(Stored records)
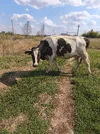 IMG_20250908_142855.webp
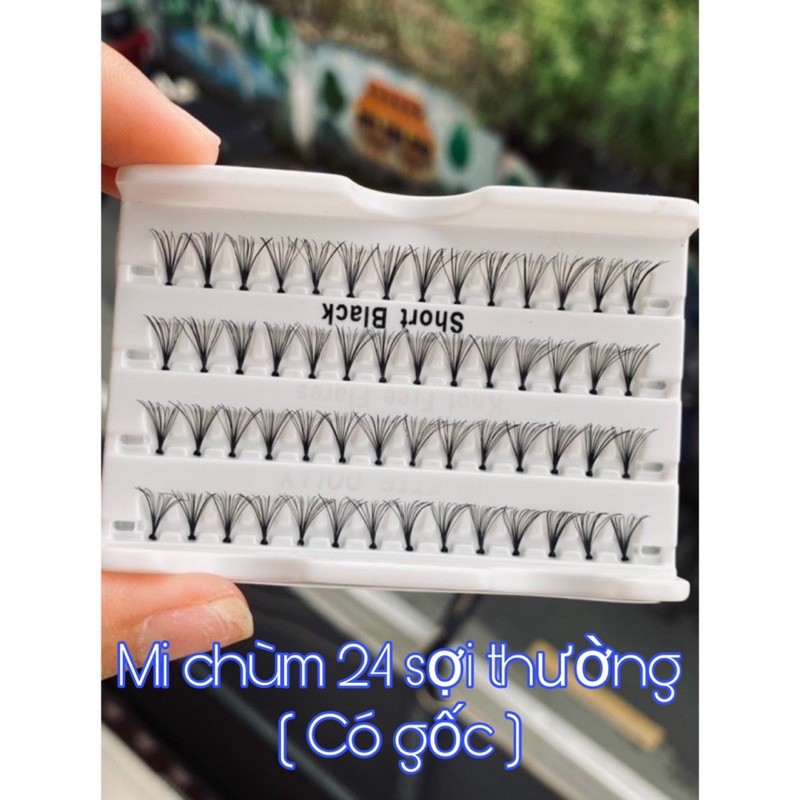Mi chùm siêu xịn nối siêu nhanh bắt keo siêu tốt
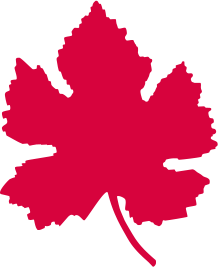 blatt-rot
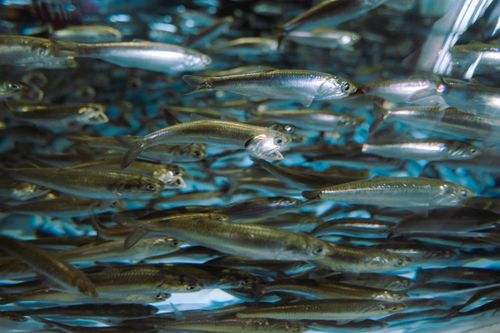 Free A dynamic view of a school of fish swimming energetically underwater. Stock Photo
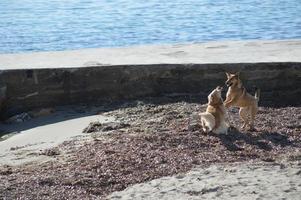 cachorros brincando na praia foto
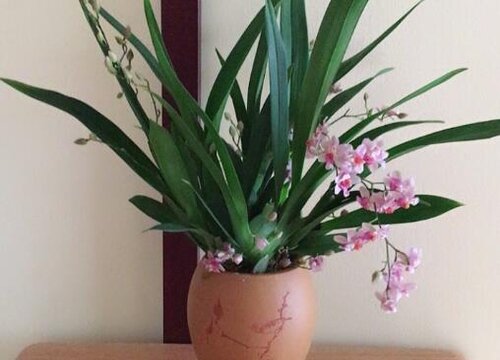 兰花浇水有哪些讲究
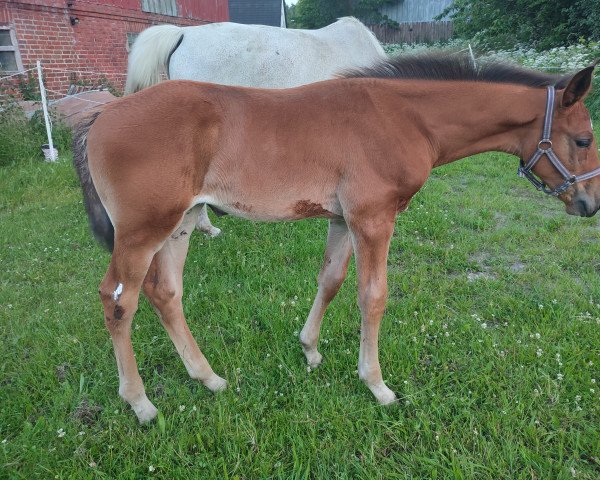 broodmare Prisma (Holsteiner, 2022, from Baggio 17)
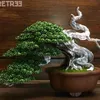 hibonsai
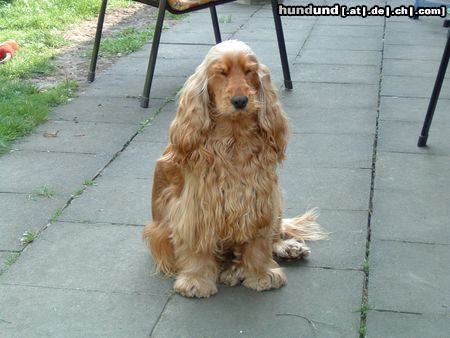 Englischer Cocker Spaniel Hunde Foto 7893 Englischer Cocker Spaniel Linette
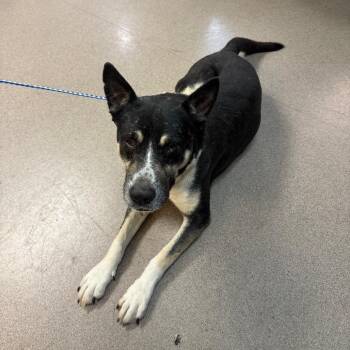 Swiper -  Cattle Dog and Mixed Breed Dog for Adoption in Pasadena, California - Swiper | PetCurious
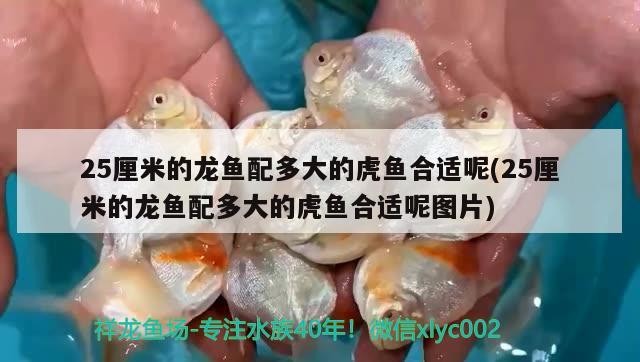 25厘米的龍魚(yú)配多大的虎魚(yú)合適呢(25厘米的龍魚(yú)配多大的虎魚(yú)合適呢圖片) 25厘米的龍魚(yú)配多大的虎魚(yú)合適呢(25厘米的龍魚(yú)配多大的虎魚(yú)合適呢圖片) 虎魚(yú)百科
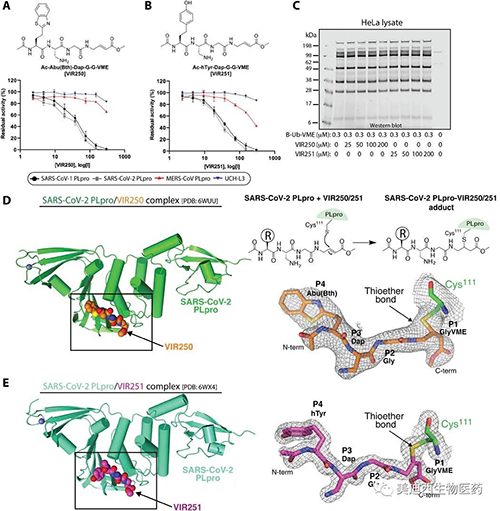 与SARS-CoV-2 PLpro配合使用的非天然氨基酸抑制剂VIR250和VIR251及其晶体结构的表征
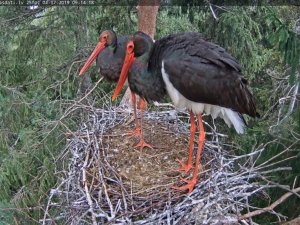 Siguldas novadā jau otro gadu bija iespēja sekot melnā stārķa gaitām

WHAT NEEDS TO BE DONE:
Nothing but the lines from the line containing "cachorros brincando na praia foto" through the end of the data, both ends included, is to be reproduced, exactly as written and without the pictures.

EXERCISE OUTPUT:
 cachorros brincando na praia foto
 兰花浇水有哪些讲究
 broodmare Prisma (Holsteiner, 2022, from Baggio 17)
 hibonsai
 Englischer Cocker Spaniel Hunde Foto 7893 Englischer Cocker Spaniel Linette
 Swiper -  Cattle Dog and Mixed Breed Dog for Adoption in Pasadena, California - Swiper | PetCurious
 25厘米的龍魚(yú)配多大的虎魚(yú)合適呢(25厘米的龍魚(yú)配多大的虎魚(yú)合適呢圖片) 25厘米的龍魚(yú)配多大的虎魚(yú)合適呢(25厘米的龍魚(yú)配多大的虎魚(yú)合適呢圖片) 虎魚(yú)百科
 与SARS-CoV-2 PLpro配合使用的非天然氨基酸抑制剂VIR250和VIR251及其晶体结构的表征
 Siguldas novadā jau otro gadu bija iespēja sekot melnā stārķa gaitām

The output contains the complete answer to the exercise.